### WORK ORDER
Set down exactly the lines from the one containing "Operator picking from" to the final line of the records below, with every picture omitted.

** Opening PROVIDED RECORDS block **

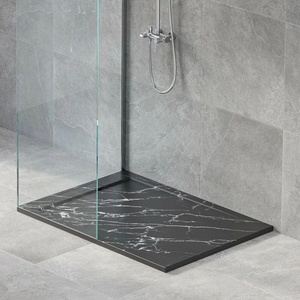 Inter Ceramic Правоъгълно композитно душ корито Inter Ceramic 120x80 см, матово черно мраморно покритие (12080MB-4)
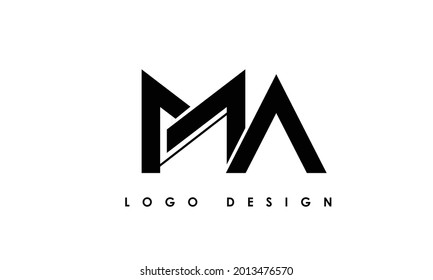 Alphabet letters Initials Monogram logo MA, AM, M and A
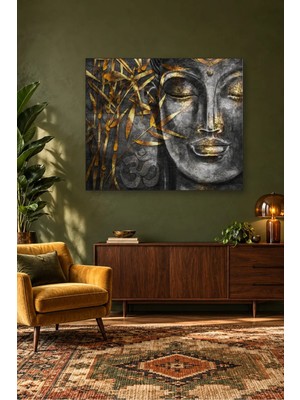 Fida Altın Bambu Yapraklı Buda Yüzü ve Om Simgesi Canvas Tablo
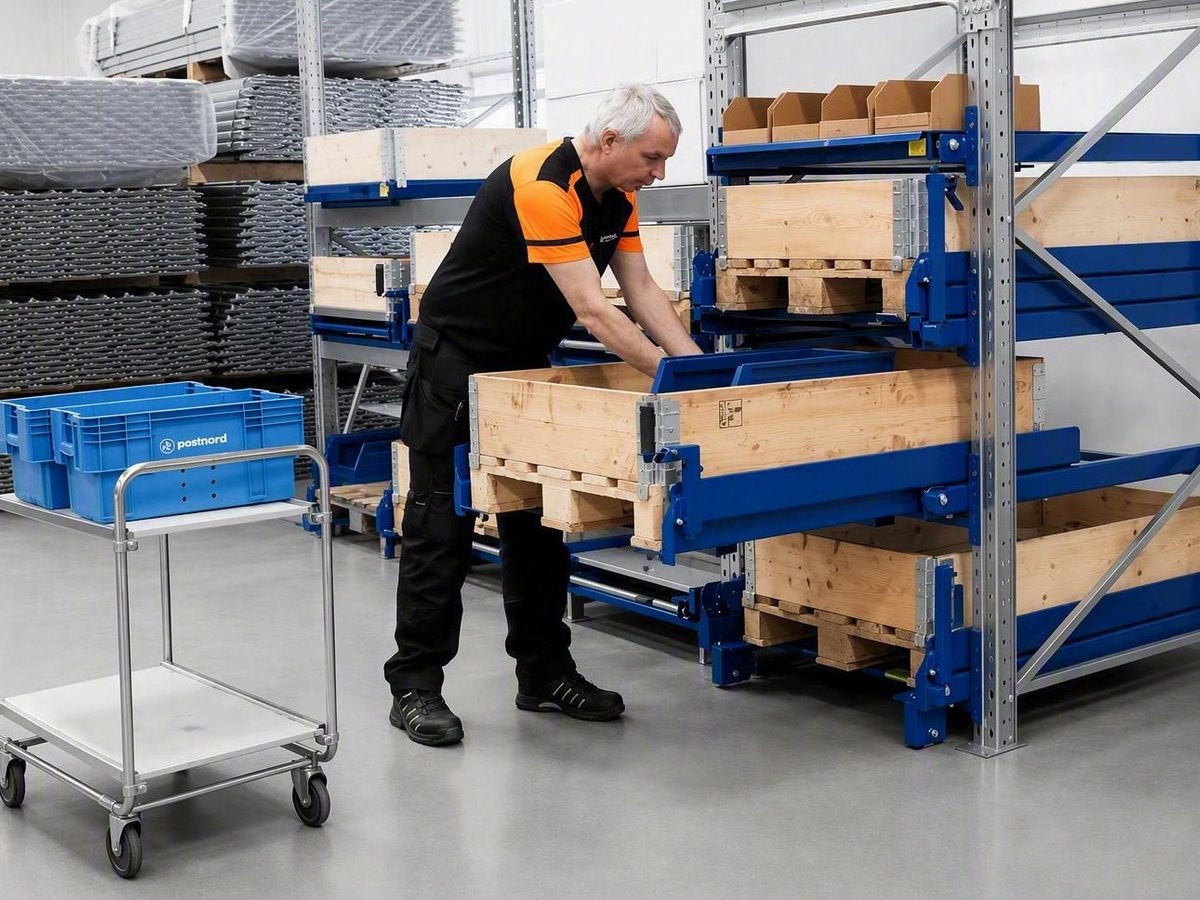 Operator picking from an upright pull-out unit at working height next to a trolley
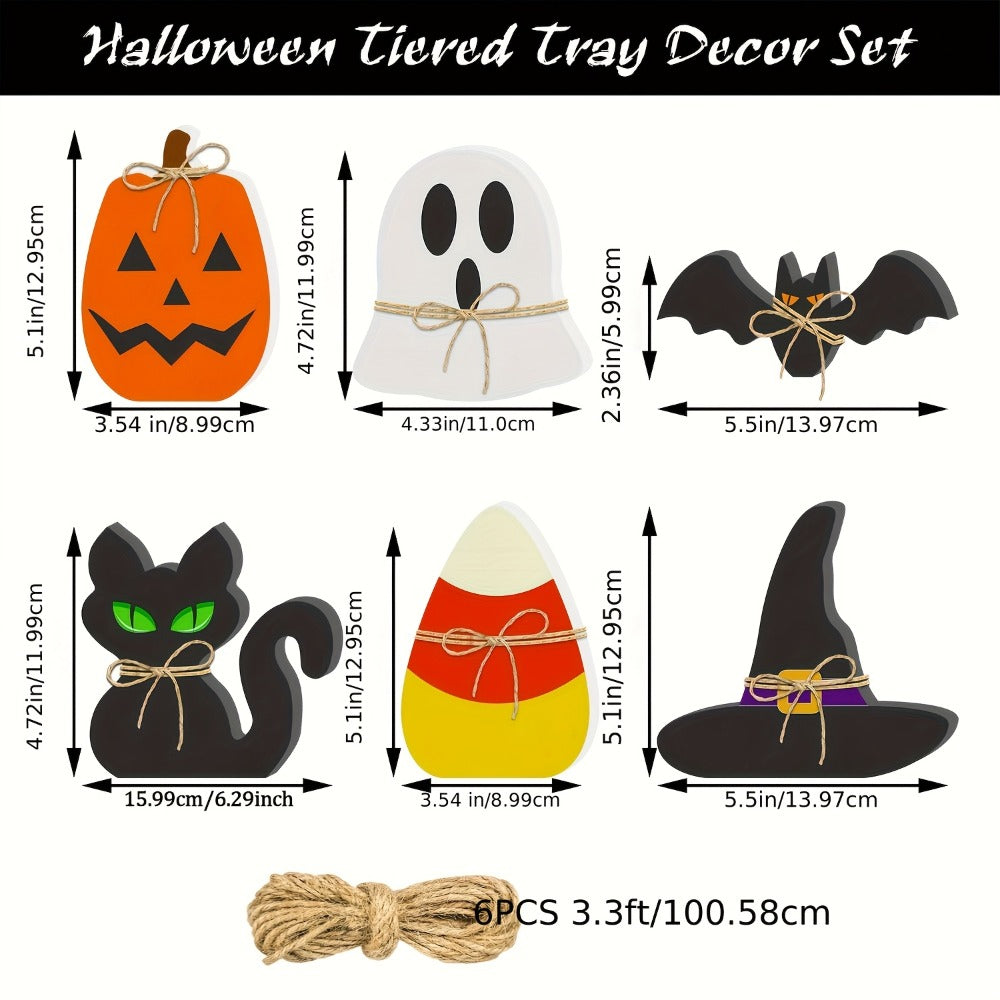 Six-Piece Halloween Freestanding Table Sign Set with Pumpkin, Ghost, Bat, Black Cat, Witch Hat and Candy Corn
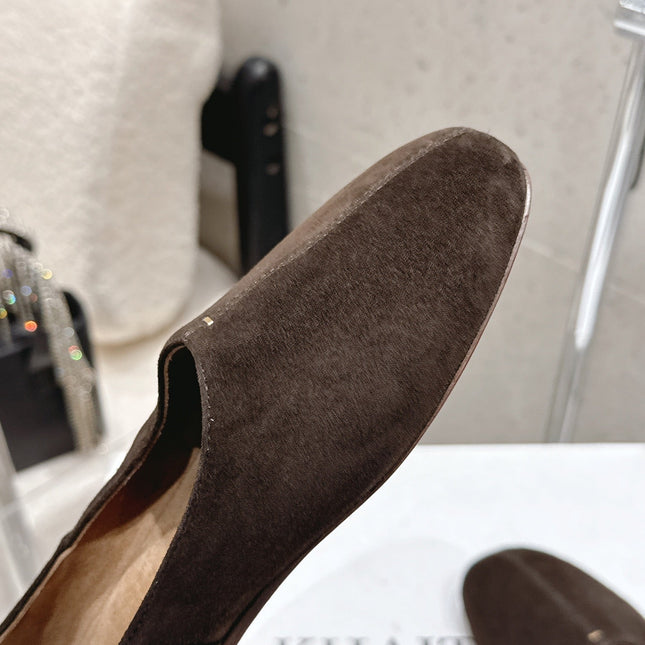 CELINE 26S FLAT SHOES IN DARK BROWN SUEDE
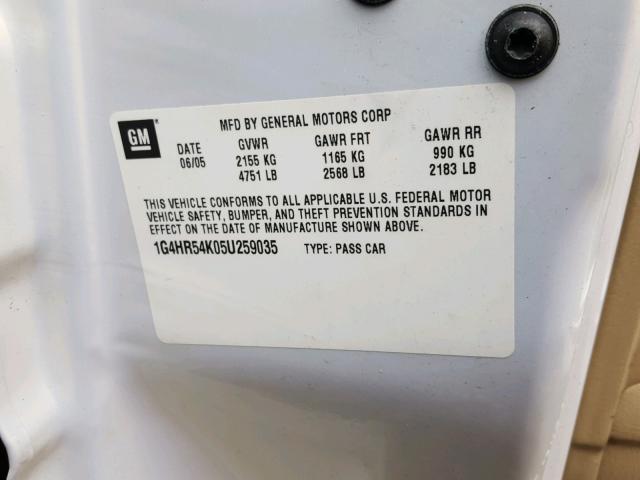 1G4HR54K05U259035 - 2005 BUICK LESABRE LI WHITE photo 10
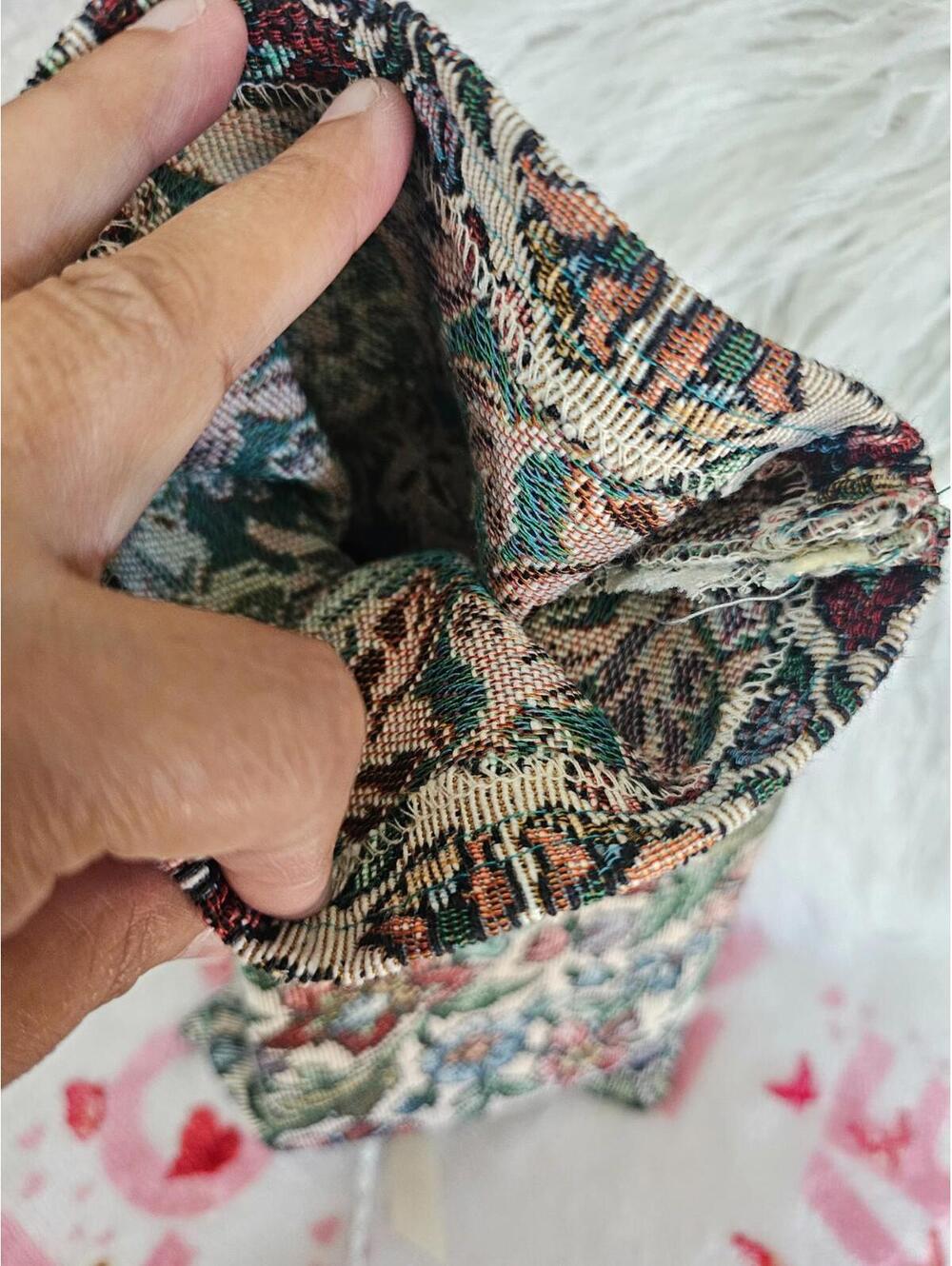 Vintage Homemade Keepsake Sack Bag Pouch Floral Lace Ribbons Multicolor 14.5X7 - Picture 9 of 11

** Closing PROVIDED RECORDS block **

### YOUR SOLUTION
 Operator picking from an upright pull-out unit at working height next to a trolley
 Six-Piece Halloween Freestanding Table Sign Set with Pumpkin, Ghost, Bat, Black Cat, Witch Hat and Candy Corn
 CELINE 26S FLAT SHOES IN DARK BROWN SUEDE
 1G4HR54K05U259035 - 2005 BUICK LESABRE LI WHITE photo 10
 Vintage Homemade Keepsake Sack Bag Pouch Floral Lace Ribbons Multicolor 14.5X7 - Picture 9 of 11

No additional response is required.